The blockade is effective from April 7, 2026, the date of the resolution, regardless of when the entity becomes aware of the publication in the BOE.
Who does it affect?
This resolution directly affects:
- Commercial companies (Limited Liability Companies, Corporations and other legal forms) with NIF revoked due to serious tax or census non-compliance.
- Associations and other legal entities that have failed to comply with their obligations to the AEAT.
- Shell companies or inactive entities used to evade tax obligations, which are the main target of this measure.
- Administrators, partners and legal representatives of affected entities, who will see their ability to act on behalf of the company blocked.
- Tax advisors and management firms that manage entities that may be in this situation and must verify the status of their clients' NIF.
- Banks and notaries, who are required to verify the status of the NIF before operating and must reject operations from entities with revoked NIF.
Practical example
A limited liability company that has not filed VAT or Corporate Income Tax returns for several years, and has not updated its census data with the AEAT, may appear in the NIF revocation resolution.
As of April 7, 2026, that company cannot:
- Open a current account at any bank to operate.
- Sign before a notary the sale of a property it owns.
- Register in the Commercial Registry the appointment of a new administrator.
If the administrator detects the situation and wants to reactivate the company, they must go to the AEAT, regularize all pending obligations (file omitted returns, settle the debt with corresponding surcharges and interest) and request NIF rehabilitation by proving compliance. Until the AEAT confirms regularization, the blockade remains in place.
What should companies do now?
- Verify the NIF status of all entities you manage on the AEAT's electronic office and in the BOE, especially if there are entities with pending or inactive obligations.
- Consult the resolution published on April 10, 2026 in the BOE to check if any entity in your portfolio appears on the list.
- Identify the unfulfilled obligations that motivated the revocation: returns not filed, outdated census data, pending debts.
- Regularize the situation with the AEAT by filing omitted returns, updating the census and settling debts with corresponding surcharges and interest.
- Request NIF rehabilitation once compliance with all obligations is proven, providing the documentation the AEAT requires.
- Review the rest of your entity portfolio to identify other companies at risk of revocation before it occurs, and regularize preventively.
Frequently asked questions
What are the consequences of the Tax Authority revoking a company's NIF?
NIF revocation produces an immediate operational blockade: the entity cannot perform registrations in public registries, open bank accounts or execute notarial deeds. Any economic or legal activity is practically paralyzed.
How can a NIF revoked by the AEAT be recovered?
To recover the NIF, the entity must regularize its situation with the AEAT by proving compliance with all its tax and census obligations. There is no automatic rehabilitation period: it depends on the entity demonstrating that it has remedied the non-compliance.
Why does the Tax Authority revoke a company's NIF?

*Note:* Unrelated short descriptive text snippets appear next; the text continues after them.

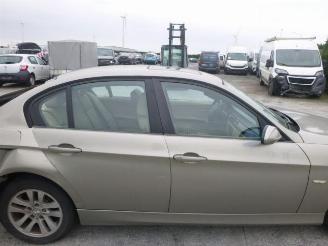 BMW 3-serie N47D20A picture 12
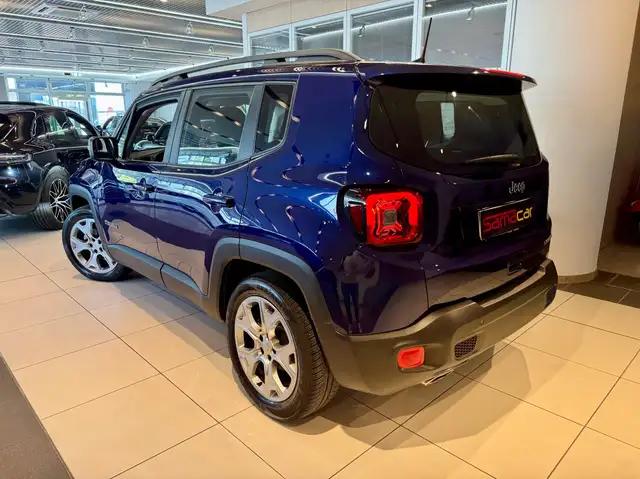 Jeep Renegade view 5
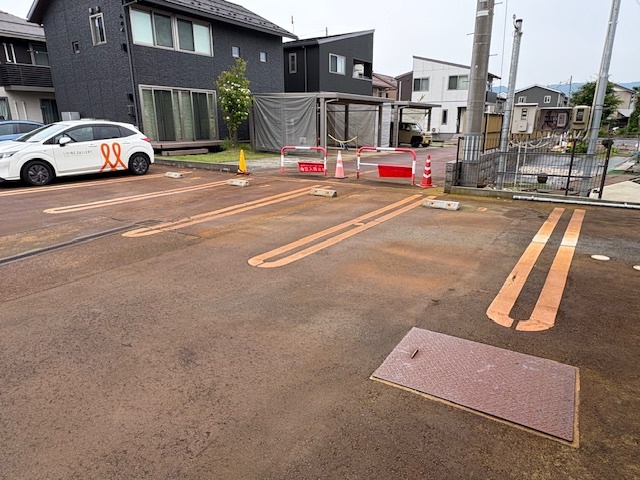 シェノン川崎 102 駐車場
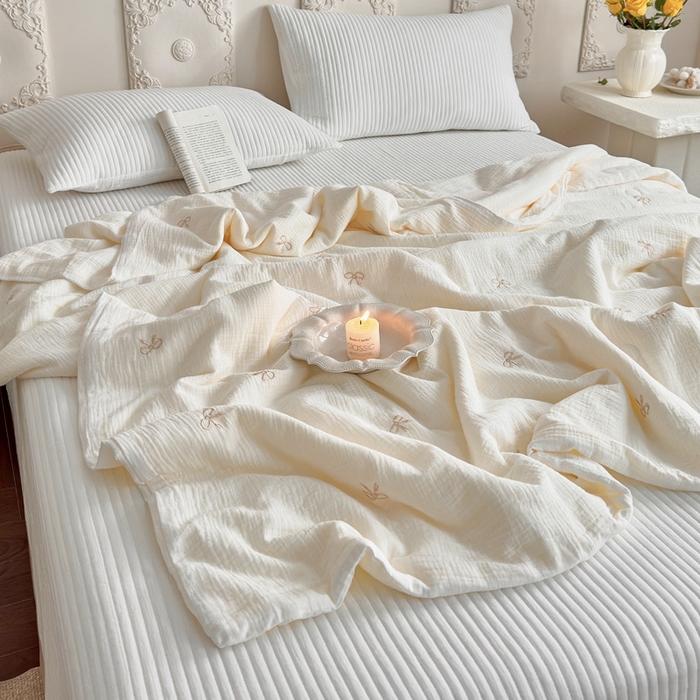 91家纺网 家纺一手货源 找家纺 木楌家居 2026新款全棉皱皱纱刺绣款夏被床盖四件套 蝴蝶结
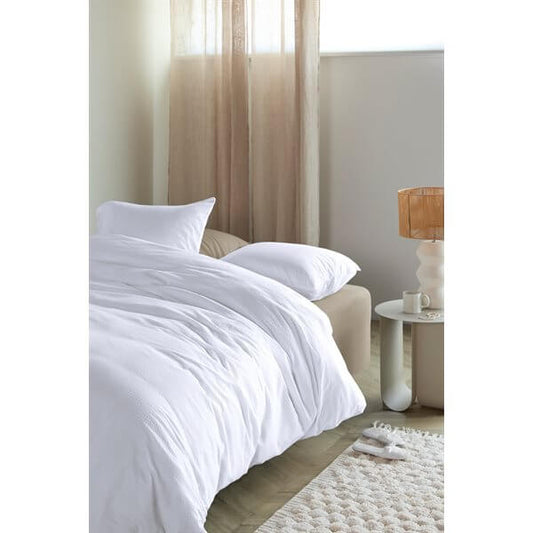 Housse de couette blanche Waffle- Par Brunelli Housse de couette  ,disponible chez Literie-Déco et moi 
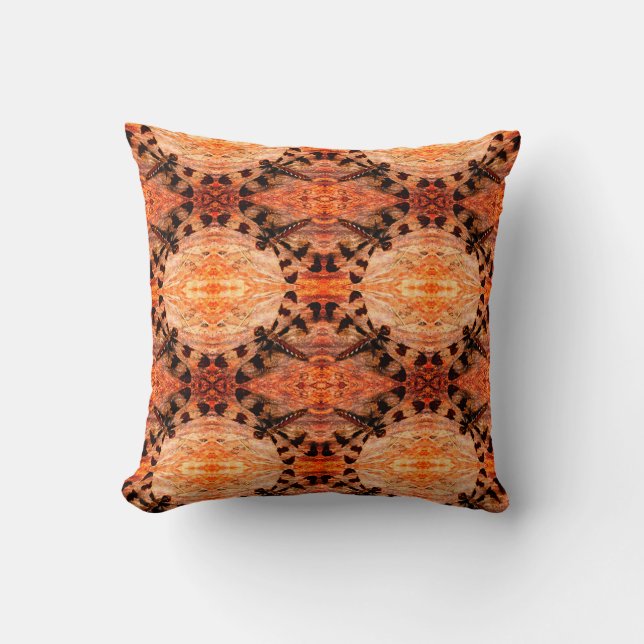 Coussin Libellule noire, orange et marron à motif dos soli (Recto)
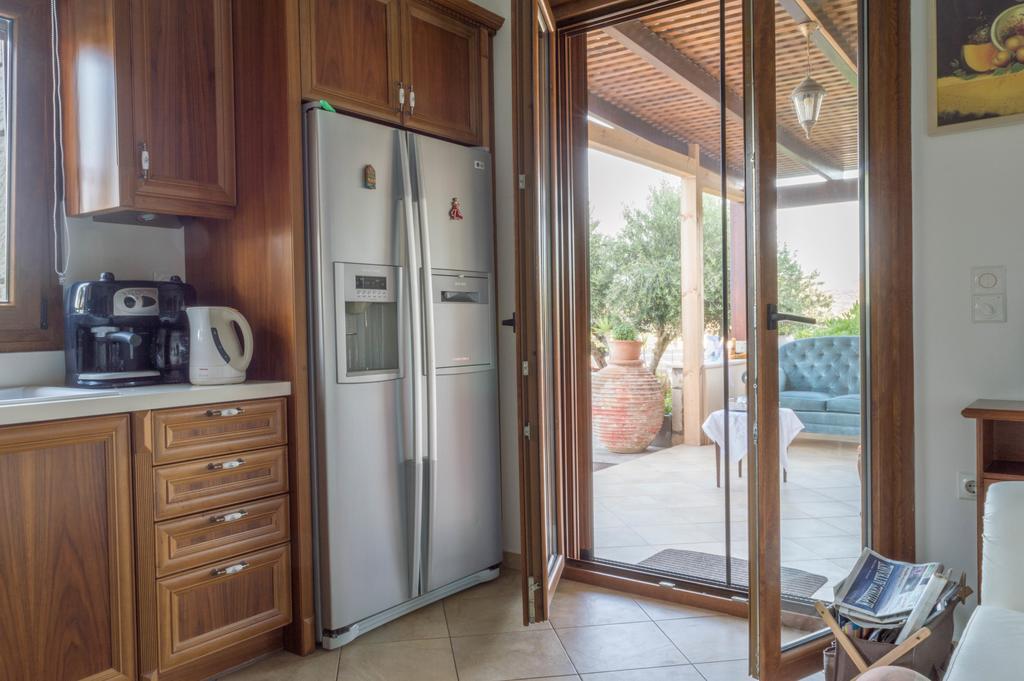 Luxury Villa Karteros Esterno foto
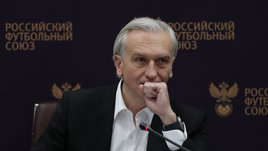 «Работаем над тем, чтобы вернуться в европейский футбол». Президент РФС Дюков — об итогах исполкома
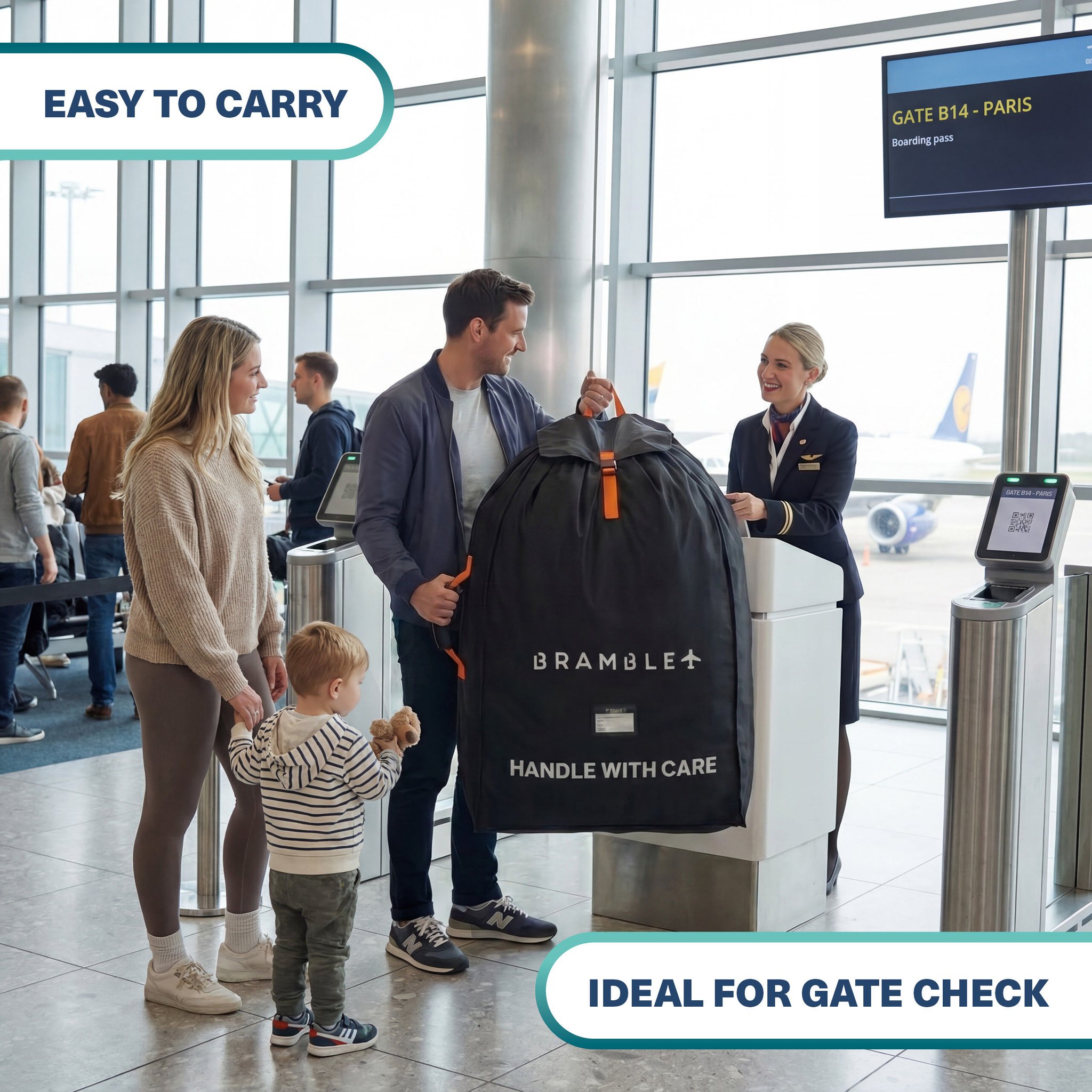 Familie am Flughafen-Gate, der Vater trägt die XL Reisetasche mit dem verpackten Kinderwagen am Griff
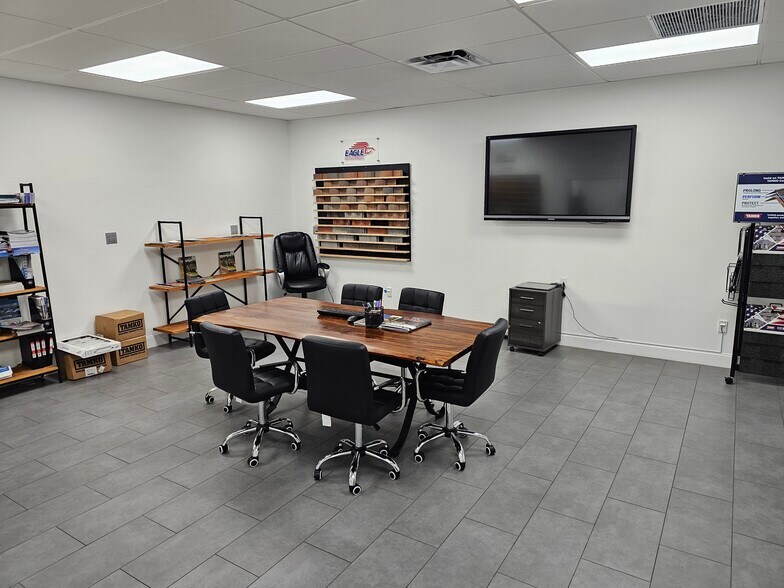 1313 S Killian Dr, Lake Park, FL for lease - Building Photo - Image 3 of 4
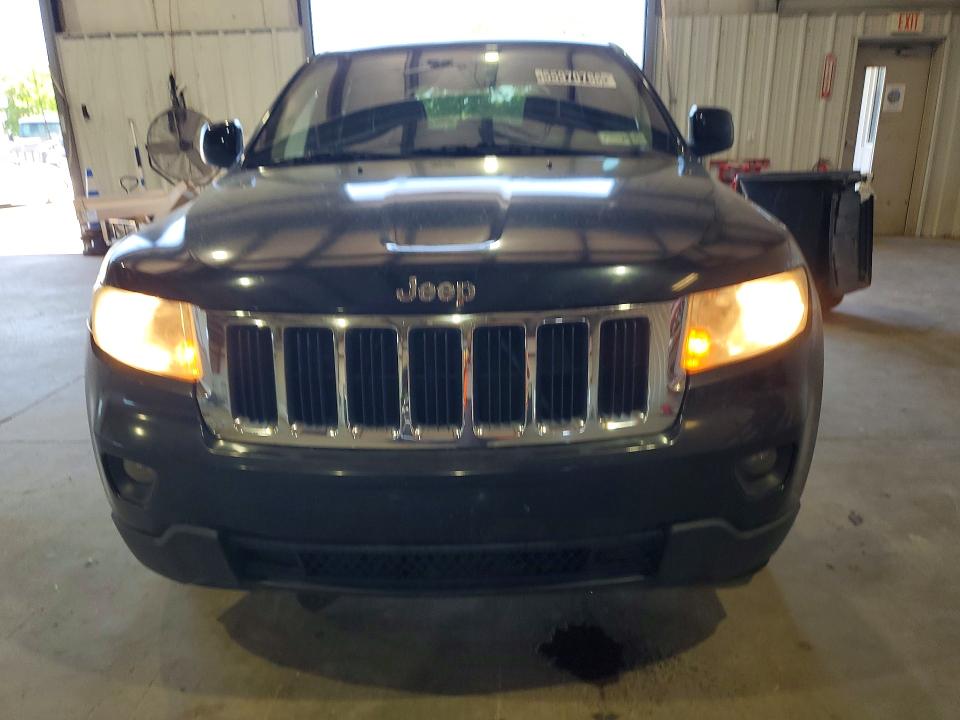 55970786 :رقم المزاد ، 1J4RS4GGXBC577867 vin ، 2011 Jeep Grand Cherokee مزاد بيع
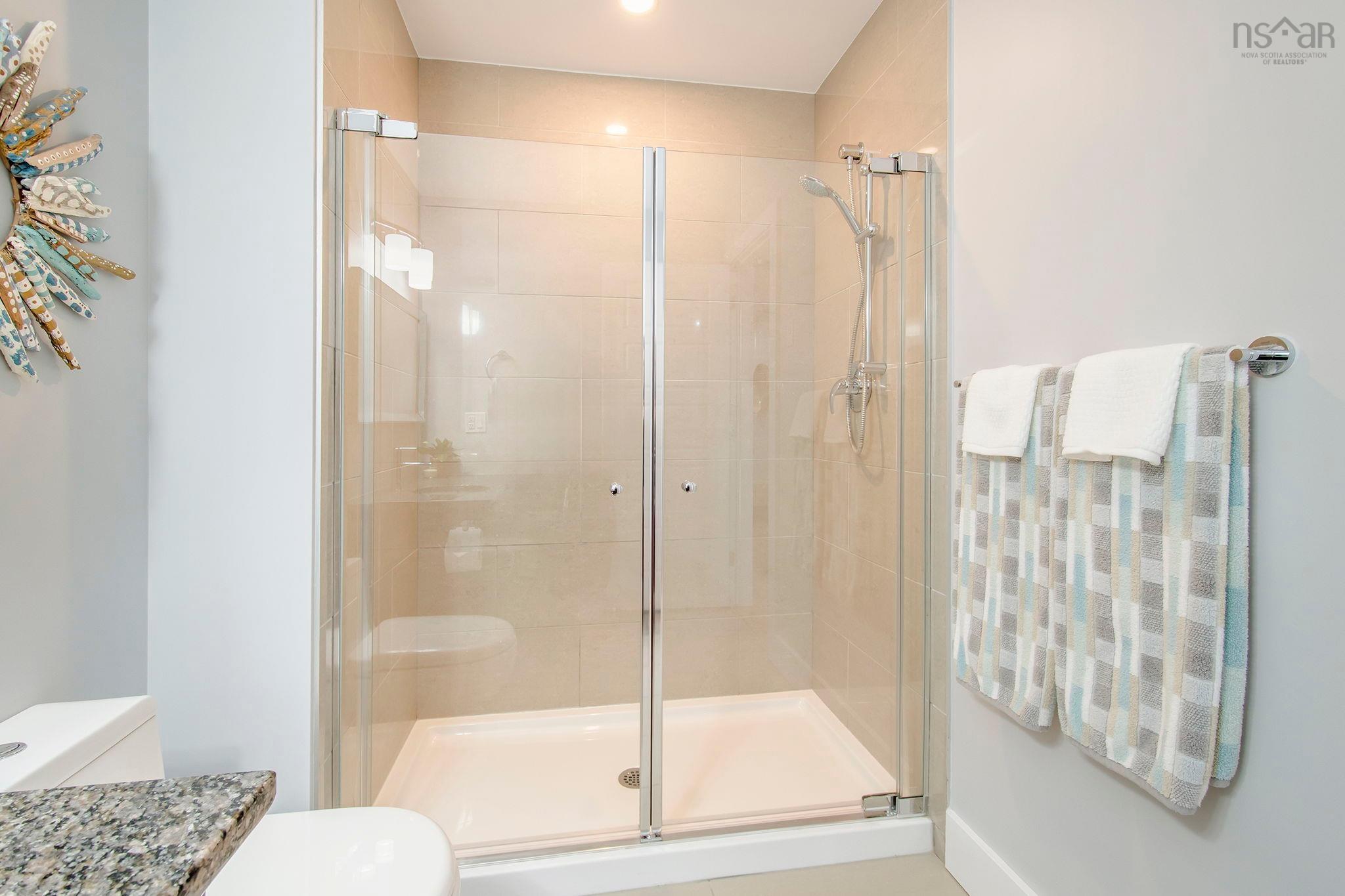 $759,900.00: 802 31 Kings Wharf Place, Dartmouth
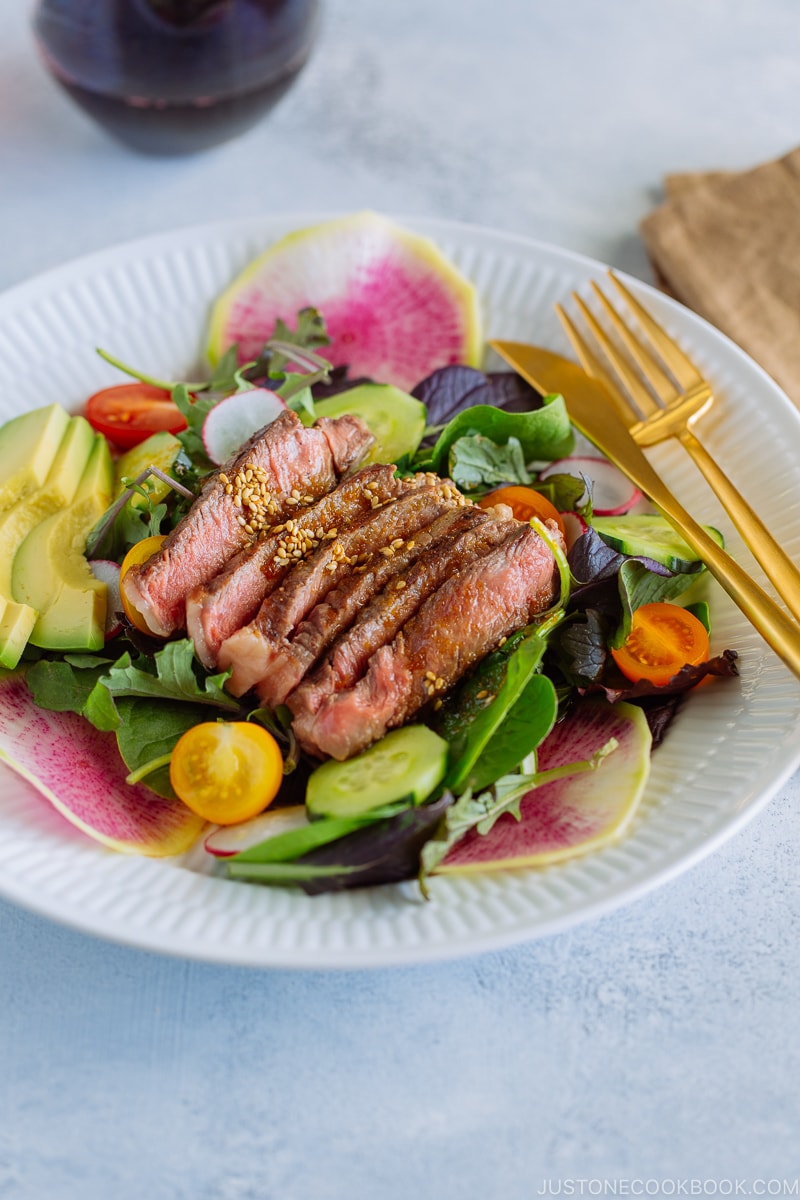 Steak Salad with Shoyu Dressing - 12 Summer BBQ & Potluck Recipes Your Guests Would Love | Easy Japanese Recipes at JustOneCookbook.com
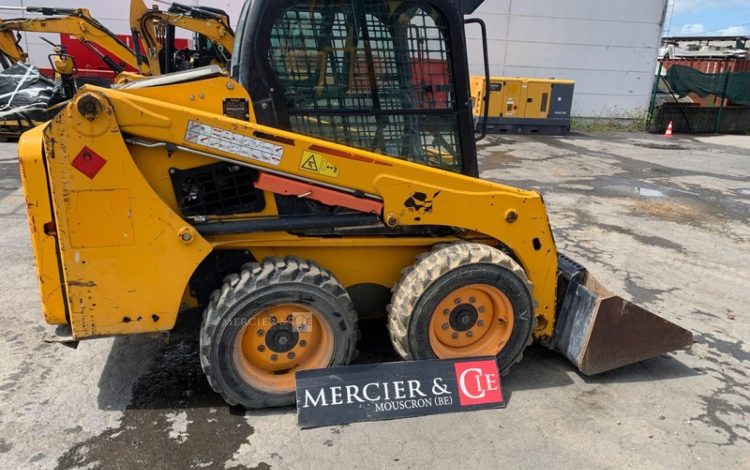 BOBCAT S450  BOB010237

The AEAT revokes the NIF from entities that have failed to comply with serious census or tax obligations. This measure is applied especially against shell companies or inactive entities used to evade tax obligations, in accordance with Article 147 of the General Regulation of tax proceedings.
Where can I check if my company's NIF has been revoked?
The AEAT periodically publishes NIF revocation resolutions in the BOE. The resolution of April 7, 2026 is available on the BOE website.